6. От хюбриса до смирения
Перед нами ещё одна вещь, которая делает Аранарта эпическим героем и которую он благополучно преодолевает. Понятен ужас Голвега, когда молодой князь страстно, даже яростно требует от судьбы Знака: отныне Аранарт открыто встаёт в ряд священных безумцев, не просто обращающих речь к божеству, но требующих внятного, а главное – адресованного персонально им ответа. Алчущих урвать запретного знания, заглянуть за покрывало Исиды, узреть Творца в его подлинном величии, сжигающем всё материальное.
Героическая наглость Аранарта – это тот стержень, на котором все эти годы держался Арнор, позволяя себе не замечать собственных подрубленных колен.
Именно этот стержень теперь мешает коленям исцелиться, а Арнору – выбраться из эсхатологической зоны пограничного бытия.
Этот стержень должен быть уничтожен.
Этот Арнор должен быть уничтожен.
Их убийцами и станут полярное сияние и Гурут Уигален.
Я требую Знака не для себя, говорит Аранарт. Я требую его для Арнора.
Он лжёт.
Вопрос о том, как Аранарт может продолжать отделять себя от своей земли даже после того, как в нём открывается дар исцеления, решается не так уж и сложно. Исцеляющие руки, подтверждающие королевский статус Аранарта со всей полагающейся этому статусу мистической нагрузкой, для самого героя «вырастают» едва ли не из худшего поступка его жизни – предательства доверившихся ему.
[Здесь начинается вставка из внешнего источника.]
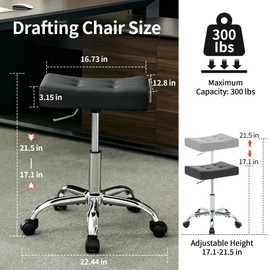 FIRAVOE Office Stool with Wheels (300lbs Capacity) (Adjustable Height 17-21 inch) Black Faux Leather Workbench Stool (Black)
Он не то чтобы не знает о том, что королевство – это мистическое тело короля (конечно, не знает, откуда ж ему знать средневековую теологию власти), он не позволяет себе верить в эту связь.
Но от его неверия она не перестаёт существовать.
Понадобится специальный разговор с Линдис, чтобы привыкший скрывать и прятать всё и вся князь перестал прятать себя самого от себя самого и осознал, что Знака он требует всё-таки для себя – того огромного себя, разорванного на клочки отдельных земель и приправленного пепелищами прошедшей войны.
Он отправляется в путь, чтобы доказать, что он и есть королевство.
Катастрофа случается потому, что он – не королевство.
Авторское искусство метафоры и символа в «Некоронованном», если попытаться (условно) свести его к краткой формуле, состоит в неполном осуществлении любого сравнения. Вместо полноценного шага всякий раз делается маленький шажок – сравнение, казалось бы, лежащее на поверхности, но на деле скрывающее под собой настоящее сравнение. Подлинная цель авторского внимания всякий раз оказывается за пределами того отрезка, который прочерчивается сюжетным сопоставлением или параллелью; задача читателя, надлежащий ему мысленный эксперимент – продлить этот отрезок до истинного пункта назначения.
Олени, которые продолжают рыть копытом снег, даже обнаружив под ним смертоносный лёд, – не только дунаданы, ещё не сообразившие, что их унесло в открытый космос Севера. А в конечном счёте – и вовсе не они. В первую голову это сам Аранарт, точнее часть его – Аранарт Арамунд, бык, вспахавший новую жизнь для своего народа. Бык, нелепый и даже опасный своим упорством на дрейфующем льду.
Чтобы стать королем, Аранарту пришлось стать этим Арамундом, не видящим препятствий и не знающим о них. Теперь же ему придётся научиться быть кем-то еще.
Он требовал Знака от Эру, что он король, но это ему нужно подать Эру такой Знак.
Путь, который он считал доказательством бытия, станет средством становления.